MCF at the following address all proceeds constituting MCF Primary Collateral

(including, without limitation, all MCF Purchased Accounts) which may now or

hereafter be delivered to or otherwise received by Creditor from time to time

within 3 business days after receipt thereof by Creditor:

 

              AESP, Inc.                      OR          AESP, Inc.

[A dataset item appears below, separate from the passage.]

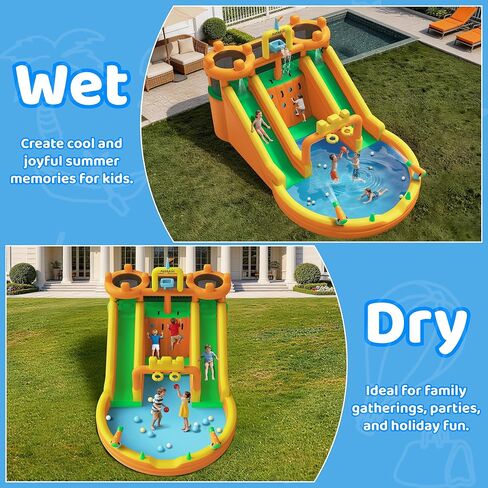 AirMyFun Inflatable Water Slide, 10 in 1 Multifunctional Water Park for Kids Backyard with Double Slides, Climbing Wall,2 Basketball Hoop,Dual Water Cannons, Inflatable Water Bounce House with Blower in Saudi Arabia
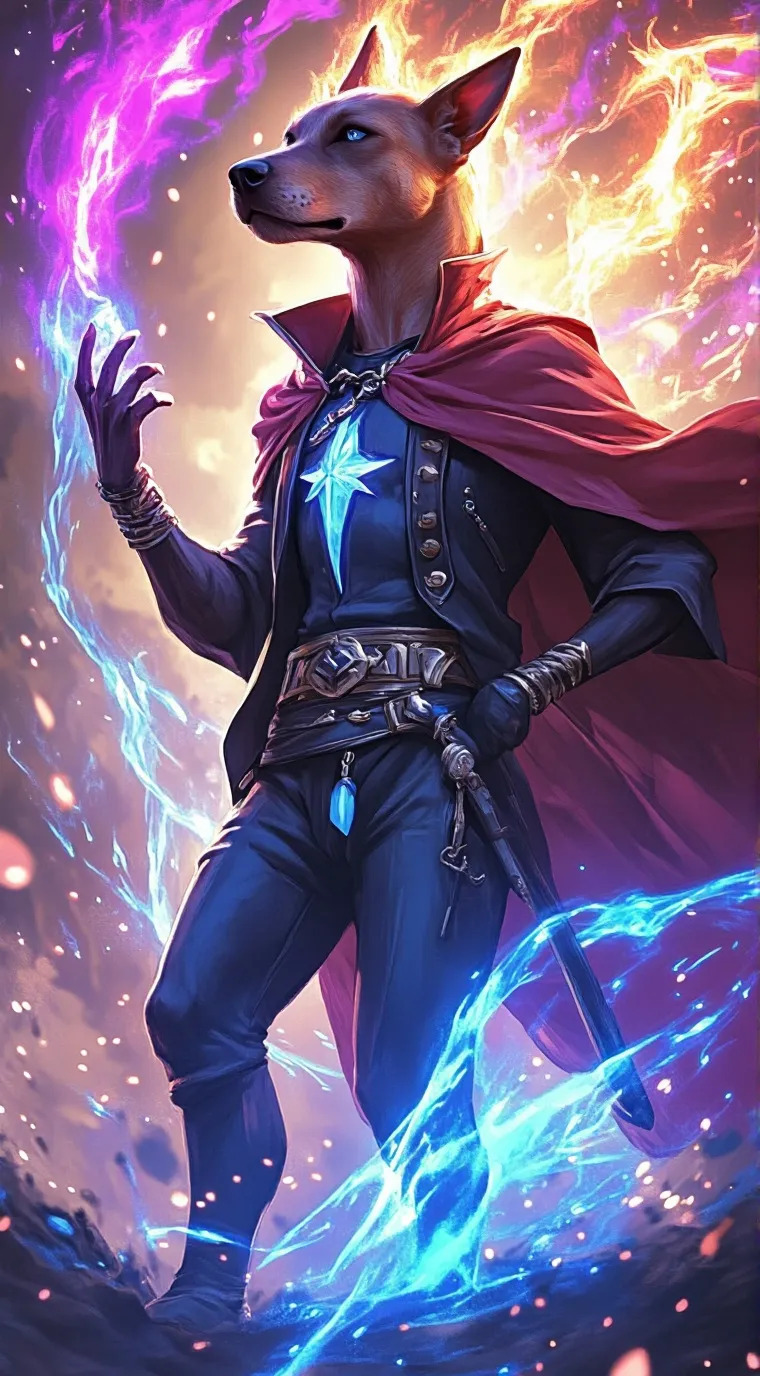 ai character: dog man background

              c/o MCF                                     c/o MCF

              Dept 1267, Lockbox 62600                    Bank One

              New Orleans, LA                             5401 Jefferson Hwy

              70162-2600                                  Harahan, LA  70123

 

MCF agrees that MCF shall remit to Creditor at the following address all

proceeds constituting Creditor Primary Collateral which may now or hereafter be

delivered to or otherwise received by MCF from time to time within 3 business

days after receipt thereof by MCF:

 

              AESP, Inc.

              c/o Bendes Investment Ltd.

              1523 Prince's Building

              10 Chater Road

              Hong Kong, SAR

              Attn: Dr. Matthias W. Rickenbach

 

4. TIME OF PERFECTION. The priorities specified herein are applicable

irrespective of the time or order of attachment or perfection of any security

interests, or the time or order of filing of any financing statements, or the

giving or failure to give notice of the acquisition or the expected acquisition

of any purchase money or other security interest. Except as herein otherwise

specifically provided, priority of the respective security interests of Creditor

and MCF shall be determined in accordance with the Uniform Commercial Code.